WORK INSTRUCTION:
Output, exactly and with no pictures, the line that contains "Фронтальный погрузчик XGMA" and every line that comes after it in the data below, the last one included.
** AVAILABLE DATA follows **
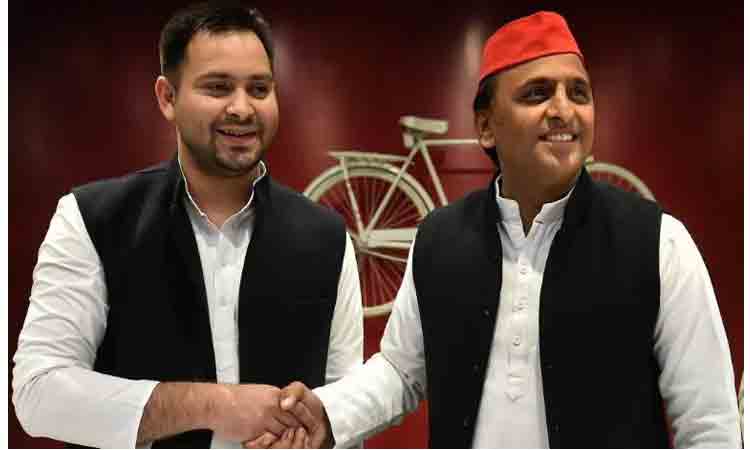 మార్చి 10న అఖిలేష్ యాద‌వ్ అస‌లు సిస‌లు విక్ట‌రీ ల‌డ్డూ రుచిచూస్తారు : తేజస్వి యాద‌వ్‌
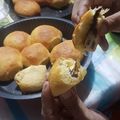 Cooksnap dari Emmaculata Tumiyati Tjiptono untuk resep Roti Simple No Ulen2 Isi Abon Enak dan Lembut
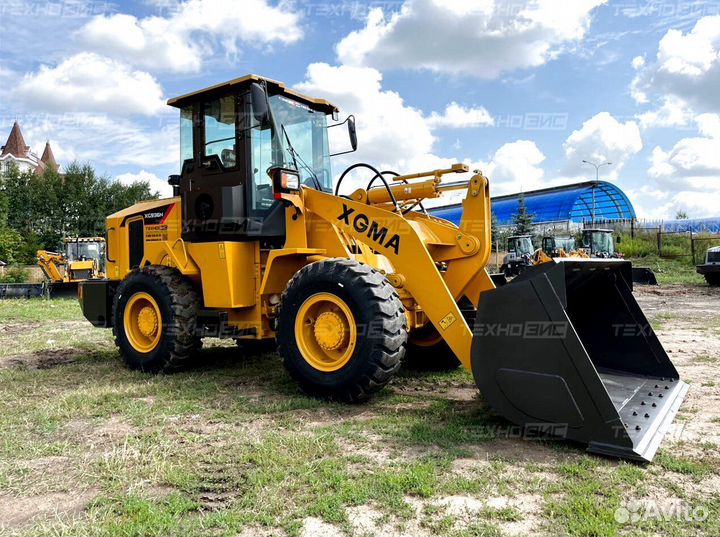 Фронтальный погрузчик XGMA / XIAGONG XG936N, 2023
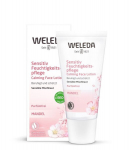 Rahustav n&auml;okreem Weleda Comfort Fluid Sensitive Skins With Almond, 30 ml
** End of AVAILABLE DATA **
TASK ANSWER:
 Фронтальный погрузчик XGMA / XIAGONG XG936N, 2023
 Rahustav n&auml;okreem Weleda Comfort Fluid Sensitive Skins With Almond, 30 ml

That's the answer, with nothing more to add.